Friends, But Not Besties: Why I Struggle To Have Close Relationships

by Maya Velasquez

I’m incredibly social and love meeting new people, but recently, I realized something about myself: I'm not good at having close friends.

People who know me will probably become confused after reading that sentence, especially my friends.

So, let me clarify.

First, notice I said "close" friends -- not just friends, not acquaintances.

I'm an expert in those fields. I think I have more friends in more places across the country than the average 21-year-old because my family lived in eight different places when I was growing up. And, I would say I'm pretty good at getting most people to like me.

I can walk into a brand new school as a stranger (as I've done six different times during my academic career) and successfully find some good friends by the end of the first day.

I don't mean to brag, but I'm just scary-good at forming quick friendships.

Maybe this is a result of being relocated to new cities or states every two-to-four years for the first 15 years of my life because when you learn to expect to leave in a few years, why get super close to anyone?

Is that heartless? Maybe. But, it does help the separation hurt a little less.

So, what's the difference, then, between making a friend or acquaintance and having a real close friend? The difference is the true intimacy. It's those little secrets, ugly tears and honest, vulnerable moments you share with someone that form a special bond.

And, that's what I'm bad at.

I let people in on the surface and share certain things I think they'll want to hear. But, the second I start to feel vulnerable, something switches off and I shut down.

I am very careful not to show too much of myself. This is ironic because I love getting to know other people on that level.

I'm great at advice. You can tell me anything and I'll give my honest opinion without judgment. My friends tend to feel comfortable sharing their deepest thoughts with me. I just rarely share back.

Maybe that's selfish, I'm not sure.

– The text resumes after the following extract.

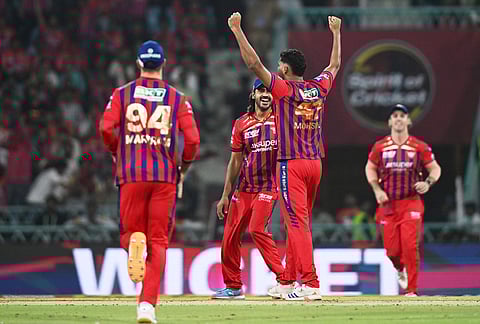 Lucknow Super Giants' Mohsin Khan, second right, celebrates with teammates the wicket of Rajasthan Royals' Shimron Hetmyer during the Indian Premier League cricket match between Lucknow Super Giants and Rajasthan Royals in Lucknow.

After some reflection, I think it's probably unfair to build a friendship that way, with one-sided trust and a lack of shared intimacy.

But, as hard as I try, I cannot seem to get to that level with anyone other than family. Recently, though, there's been an exception.

Someone broke through my mold, gently and carefully breaking down the walls of my subconscious in a way I didn't expect.

I am happy to call this special man my boyfriend. For some reason, I am able to share things with him I would never tell anyone else.

At times, I even feel safer by sharing things with him, almost like telling him somehow gives protection to my thoughts and feelings.

So, why can I have this connection with him, but no one else? Maybe the sexual intimacy makes it different with him; it brings a level of closeness I could never experience with someone else.

I'm not sure. I'd hate to think I am only capable of a close friendship with someone who shares a romantic relationship with me.

Recently, I realized despite the fact I have made some good friends, I still feel that at any moment, I could move away and lose all contact with them without missing them.

Why is that? Most people don't feel that way.

Maybe it's because my lack of a home base growing up beget attachment issues. But, maybe, it's just that I haven't found the right group of friends yet; ones with whom I truly connect on a deep level.

Maybe, in finding the right people, I'll be able to open up and share that same closeness I've come to experience with my boyfriend.

And, maybe, that's why I was able to find true intimacy and friendship with him because I finally met someone who's on the same wavelength. And, perhaps, that's all it takes.

I don't know for sure why I struggle with the "close friend" relationship. But, I think I am, in fact, capable of that deep level of connection with others if I find the people who are truly meant to be key players in my life.

That being said, I am truly grateful for every friendship I have now and those from my past.

Every one of these friends has been or is in my life for a reason, and I am so blessed for that.